Introduction
Infective endocarditis (IE), a severe form of valvular disease, is mostly caused by Gram-positive bacteria. Lately, Gemella spp. have emerged as a cause of IE.1 Five species were reported to cause human infection: Gemella bergeri, Gemella haemolysans, Gemella morbillorum, Gemella palaticanis, and Gemella sanguinis.2, 3, 4, 5 Among them, G. morbillorum was reported in more than 40 cases and G. sanguinis in four cases of IE. Early surgery with prolonged parenteral antimicrobial therapy is key for successful management.1 Described here is a case of tricuspid valve IE due to G. sanguinis in a 4-year-old male patient. He was successfully treated with medical–surgical management.
Case report
A 4-year-old male patient presented with high-grade fever associated with chills and rigor, cough, weight loss, and abdominal distension. On physical examination, he was pale, febrile, and tachycardic with a pulse rate of 158 beats/min. Hepatosplenomegaly was present. His cardiovascular examination revealed a S3 gallop with no murmurs.
Complete blood count revealed anemia with hemoglobin of 5.2 gm% (RBC count 1.98 × 106/cumm, Packed cell volume 14.5%), increased RBC distribution width (16.7%), raised leukocyte count (26,900 cells/cumm with 74% neutrophils), and reduced platelet count (0.35 lakhs/cumm). Peripheral blood smear showed mild anisocytosis with moderate hypochromia.
An echocardiogram revealed huge bilobed echogenic mass of size 1.8 cm × 1.8 cm arising from atrial surface of septal tricuspid leaflet (STL) suggestive of IE vegetation with mild tricuspid regurgitation. Treatment was initially started with ceftriaxone 900 mg IV twice daily and amikacin 125 mg IV twice daily.
A diagnosis of tricuspid valve IE was made and the patient underwent successful prosthetic valve replacement surgery. A vegetation of size 5 cm × 3 cm with STL was sent for microbiological analysis along with blood for culture and sensitivity.
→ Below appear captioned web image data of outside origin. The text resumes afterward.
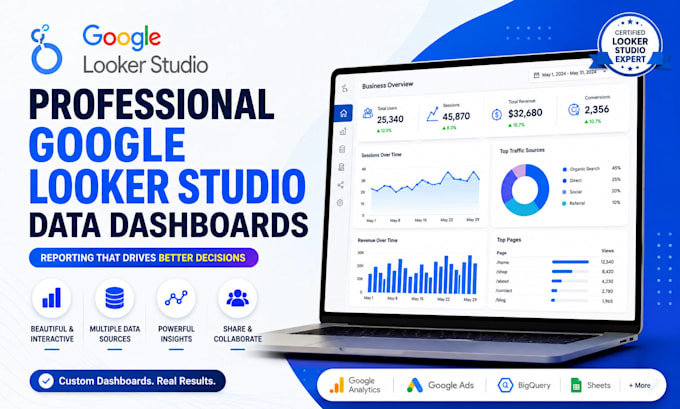 create google data studio for marketing dashboard and automated reports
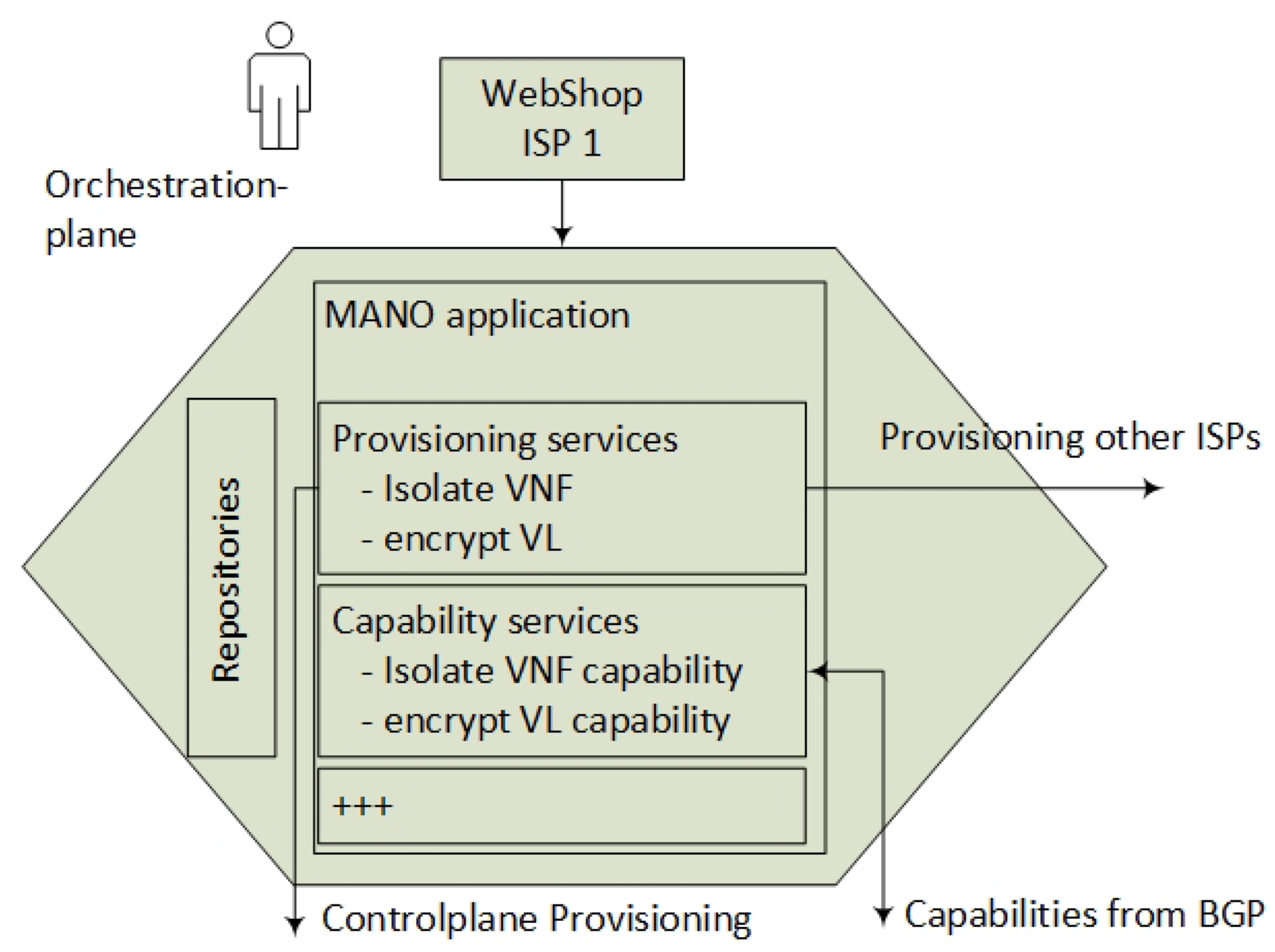 Futureinternet 10 00046 g009 Futureinternet 10 00046 g009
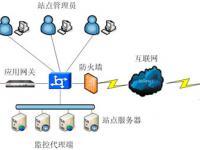 深圳市賽藍(lán)科技 信息技術(shù)領(lǐng)域的創(chuàng)新實(shí)踐者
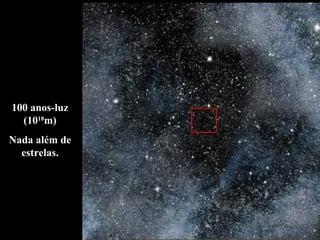 100 anos-luz (10 18 m) Nada além de estrelas.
Gram stain of vegetations showed Gram-positive cocci in pairs. The vegetation in Brain Heart Infusion (BHI) broth was incubated for 24 h and then sub-cultured in blood agar. After 48 h of incubation, blood agar showed non-hemolytic, tiny, pinpoint, smooth, translucent to grayish colonies. Gram stain showed Gram-positive cocci in pairs. The organism was identified as G. sanguinis by VITEK 2-Compact System (Biomerieux, France).
On performing various biochemical reactions, it was found to be catalase negative, oxidase negative, bile esculin negative, urease negative, arginine dihydrolase negative, hippurate hydrolysis negative, and showed no growth in 6.5% sodium chloride. However, pyrrolidonylarylamidase (PYRase) test was positive. It fermented maltose, mannitol, and sorbitol but not lactose. Antibiotic susceptibility testing was performed using the Kirby–Bauer disk diffusion method on 5% defibrinated sheep blood agar and was incubated for 48 h in 10% carbon dioxide. The antimicrobial susceptibility testing was interpreted according to Clinical and Laboratory Standards Institute guidelines 2014 for Streptococcus spp. It was found to be susceptible to vancomycin, linezolid, daptomycin, clindamycin, gentamicin, and tetracycline and was resistant to penicillin, oxacillin, chloramphenicol, ciprofloxacin, and levofloxacin.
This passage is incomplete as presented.